A statistically significant moderate positive correlation was observed between the baseline PD-1 + CD4 + T/CD4 + T% and the BODE index (r = 0.502, p = 0.009). Similarly, a statistically significant moderate positive correlation was observed between baseline PD-1 + CD8 + T/CD8 + T% and the BODE index (r = 0.491, p = 0.012). (shown in Fig. 2E, F). As the inclusion of comorbidity assessment in the CODEX index was also a common prognostic indicator for COPD, the PD-1⁺CD4⁺T/ CD4⁺T% (r = 0.451) and PD-1⁺CD8⁺T/ CD8⁺T% (r = 0.383) at baseline were demonstrated the moderate positive correlations with patients’ CODEX indices, with statistically significant(p < 0.05). (Fig. 2G, H).

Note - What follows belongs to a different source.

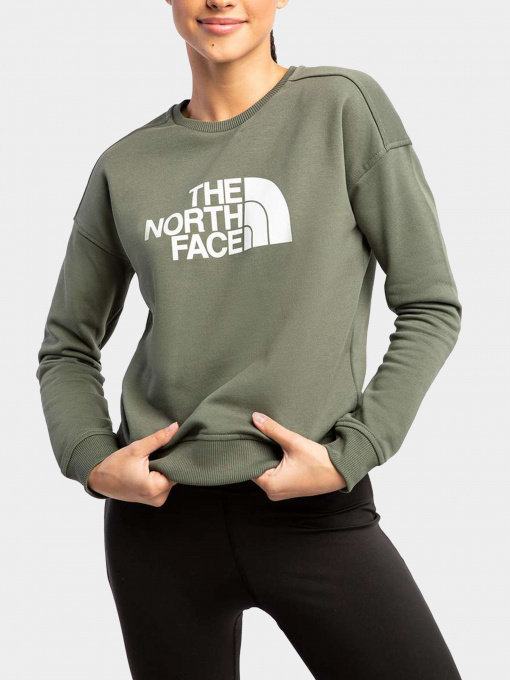 Худи и свитшоты The North Face модель NF0A3S4GNYC1 Фото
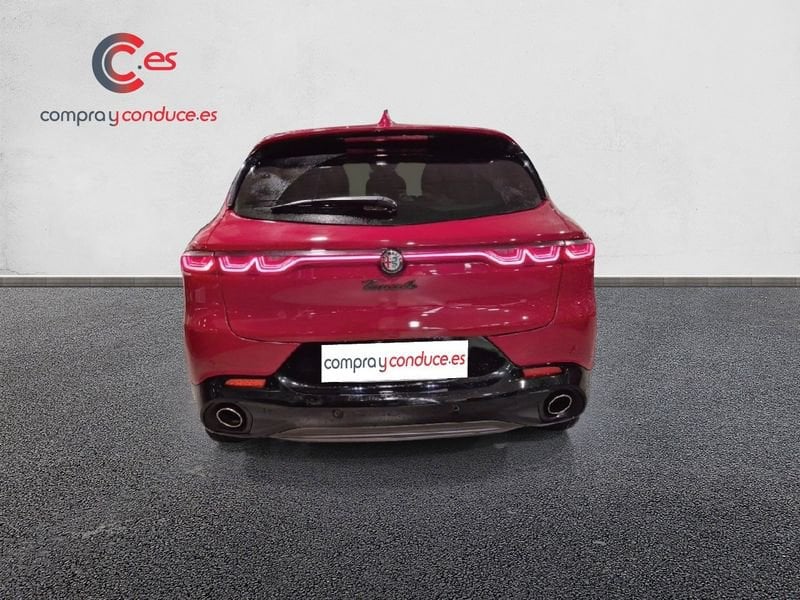 Alfa Romeo Tonale 1.3 Multi-air  Q4 PHEV Speciale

Kaplan-Meier analysis for COPD patient survival

Univariate Kaplan-Meier analysis notably identified that subjects aged over 70, with GOLD grades 3–4, mMRC scores ≥ 2, no LTDOT, and high PD1 + T lymphocyte proportions, had statistically significantly shorter times to first AECOPD hospitalization post-enrollment. Gender, aCCI, and 6MWT showed no significant impact. Comprehensive results were outlined in Table 2. Participants were divided into two groups based on median PD-1⁺CD8⁺T/CD8⁺T% and PD-1⁺CD4⁺T/CD4⁺T%: High and Low PD1⁺CD8⁺T, and High and Low PD1⁺CD4⁺T, respectively. In the Kaplan-Meier survival curves (Fig. 3A, B), the unadjusted data demonstrated the differences in PD1 + T lymphocyte proportions and AECOPD rehospitalization.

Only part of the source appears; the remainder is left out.